On Thursday 23rd March 2006 a High Court Judge handed
down a damning judgement against an arms company. He
struck out an interim injunction against remaining
defendants in the controversial harassment injunction
case brought against anti-war protesters in Brighton
by arms manufacturers EDO MBM Technology Ltd.

The case has been continuing in the High Court for
nearly a year without reaching a full trial despite an
court order that a speedy trial should be prepared
for because of ‘human rights implications’.
‘The blame for loss of the trial date in my view
undoubtedly lies with the claimants’ says Judge
Walker.



Last month EDO MBM agreed to lift the interim
injunction against all but a handful of protesters in
a settlement that means they will have to pay hundreds
of thousands of pounds in defence legal costs.
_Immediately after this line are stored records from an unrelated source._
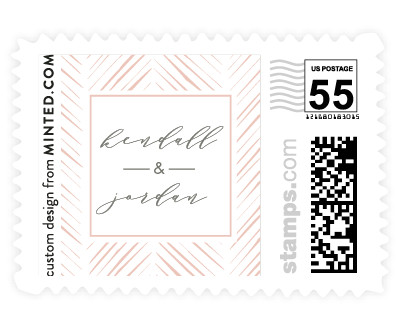 'Elegant Herringbone (H)' wedding stamp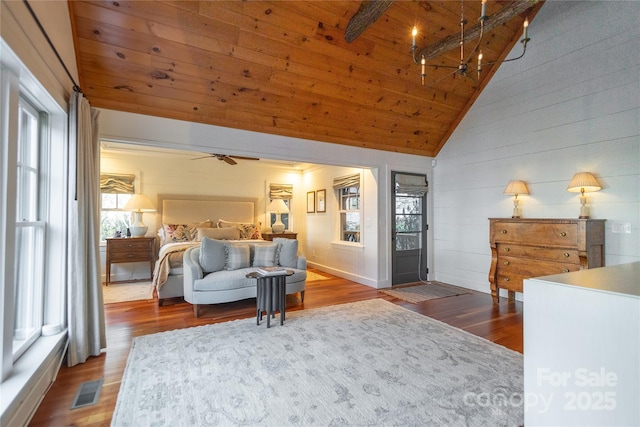 973 Sitting Rock Trl, Cullowhee, NC 28723 - bedroom featuring wood finished floors, high vaulted ceiling, wooden walls, a chandelier, and wooden ceiling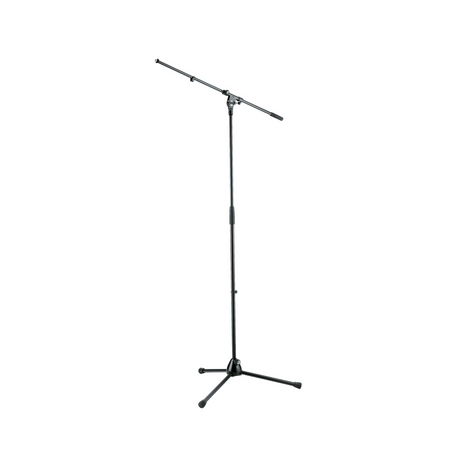 K&M 210/2 adjustable microphone stand with boom arm and t-bar, maximum height 1605mm, black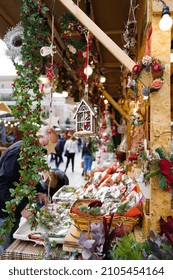 Barcelona, Spain, December 2021-People Shopping At The Christmas Market In Barcelona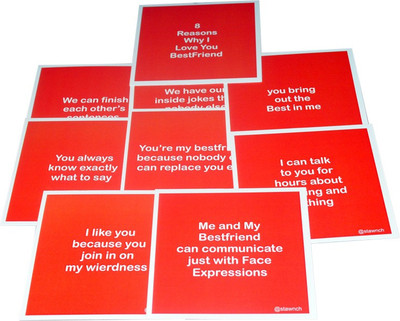 

STAWNCH 8 REASONS WHY I LOVE MY BEST FRIEND GREETING CARDS [SET OF 8 CARDS SIZE 4" X 4"] Greeting Card(Red, Pack of 1)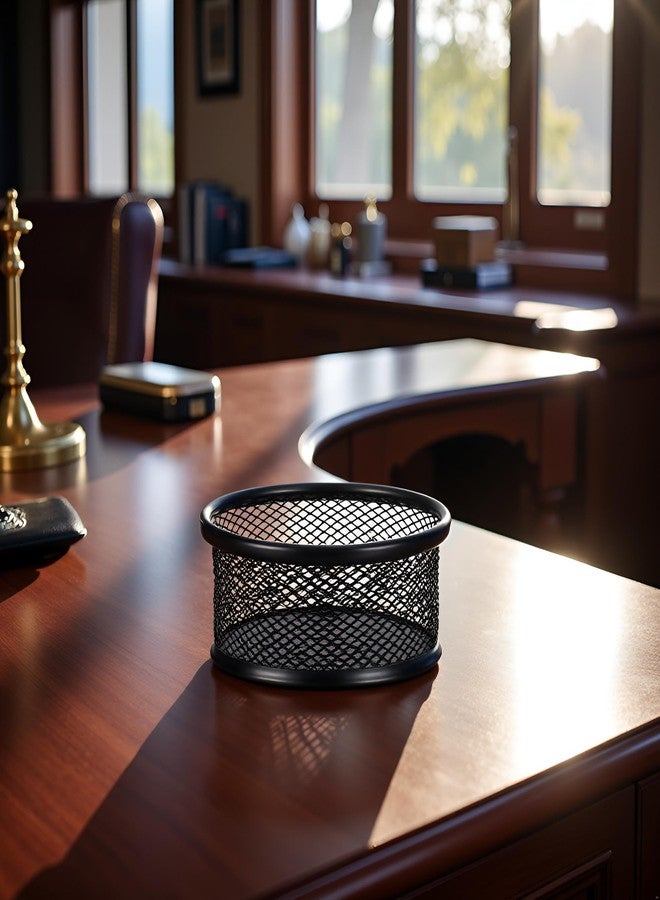 Tnyvm Black Metal Paper Clip Holder Mesh Paperclip Bowl Binder Clip Dispenser Desk Bobby Pin Container Organizer for Home Office Classroom School Desk Supplies Holders - Image 3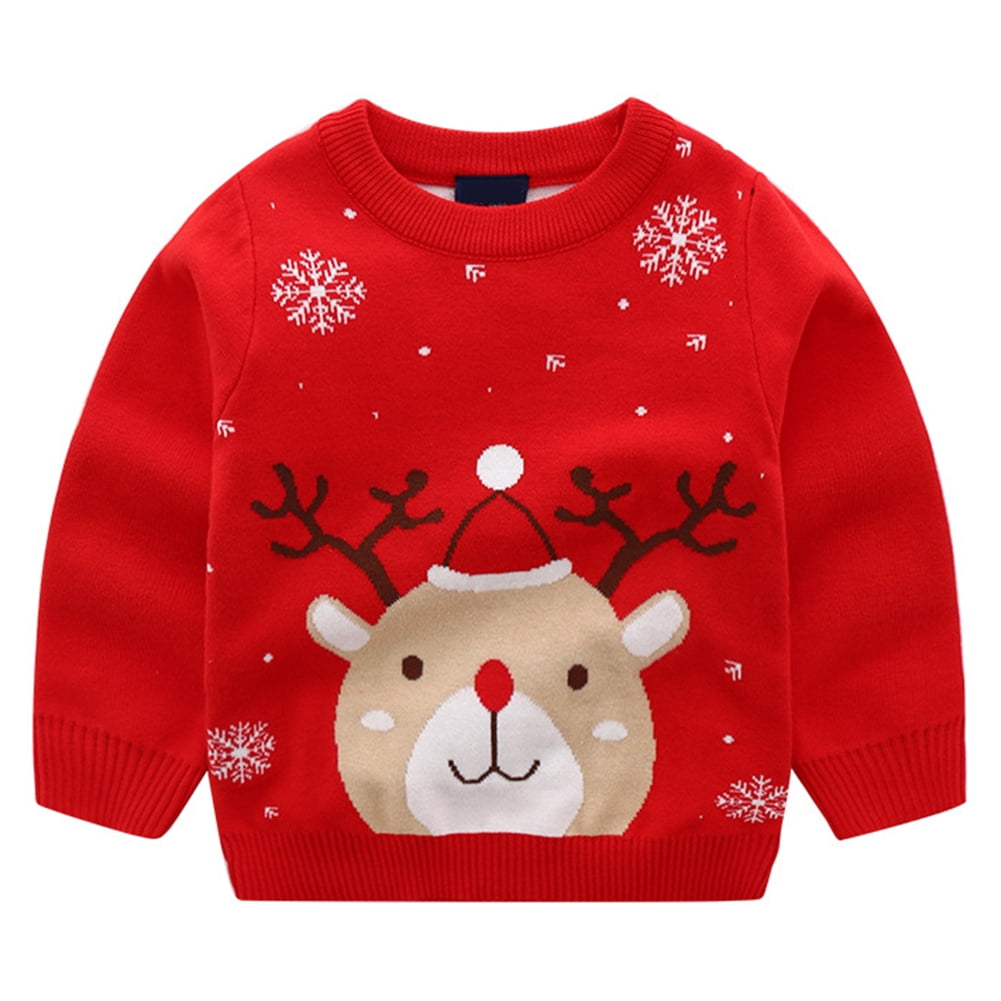 BULLPIANO 29T Toddler Boy Girl Ugly Christmas Sweater Long Sleeve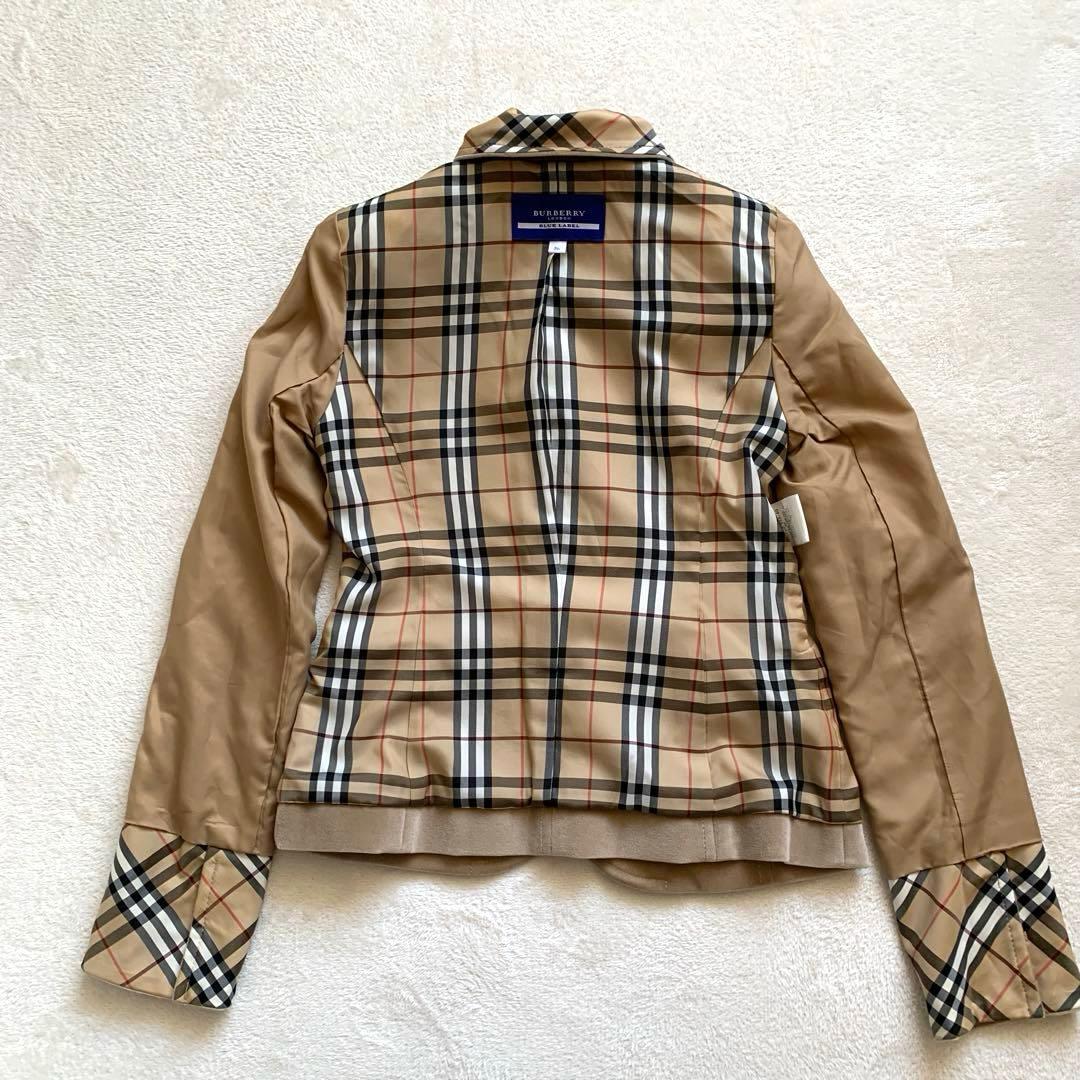 バーバリー　テーラードジャケット　ベロア　36 ベージュ　ノバチェック　シングル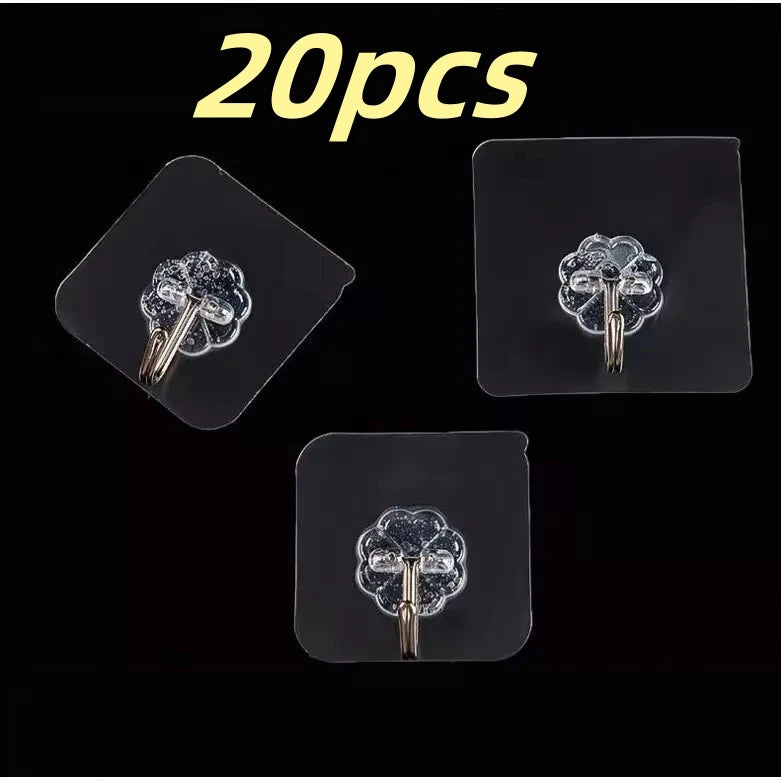 Transparent Self-Adhesive Wall Hooks for Kitchen & Bathroom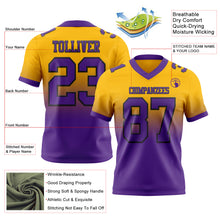 Загрузить изображение в средство просмотра галереи, Custom Gold Purple-Black Mesh Authentic Fade Fashion Football Jersey
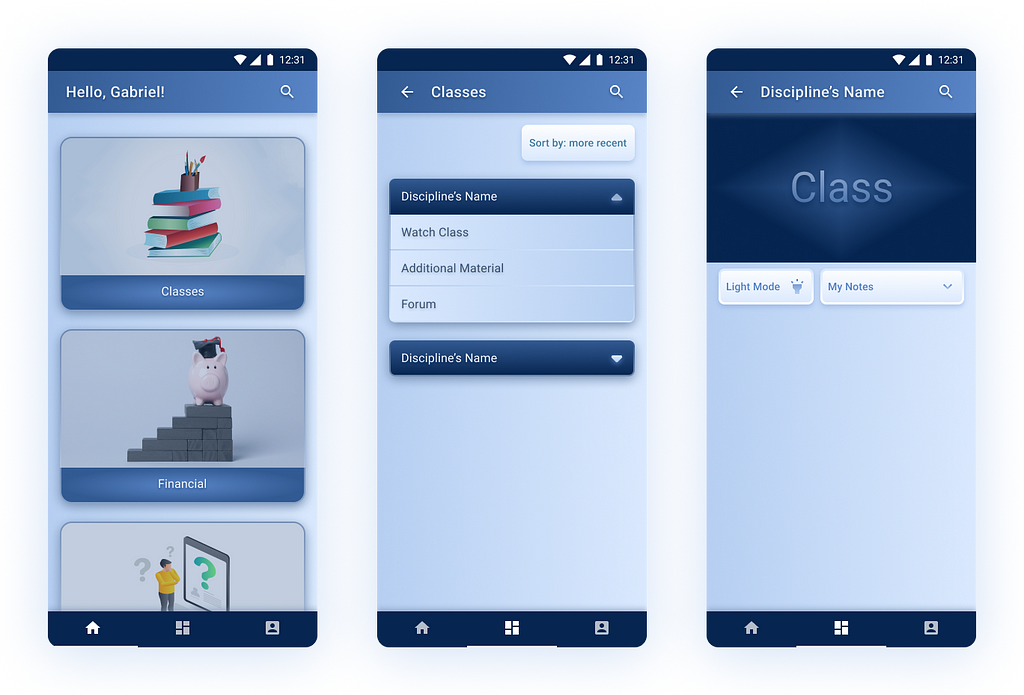 The User Interface of the home screen of an educational application, followed by the class selection screen, and finally the class screen, arranged horizontally.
If they
had hoped this would stop a hearing of defendant’s
allegations of abuse of process they had not counted
on two defendants Lorna Marcham and Chris Osmond,
refusing a settlement agreement and continuing to
fight without the help of legal professionals. They
are supported in court by the hard won experience of
Helen Steel and Dave Morris of the McLibel trial, and
Dr Max Gastone of SHAC who act as Mackenzie friends.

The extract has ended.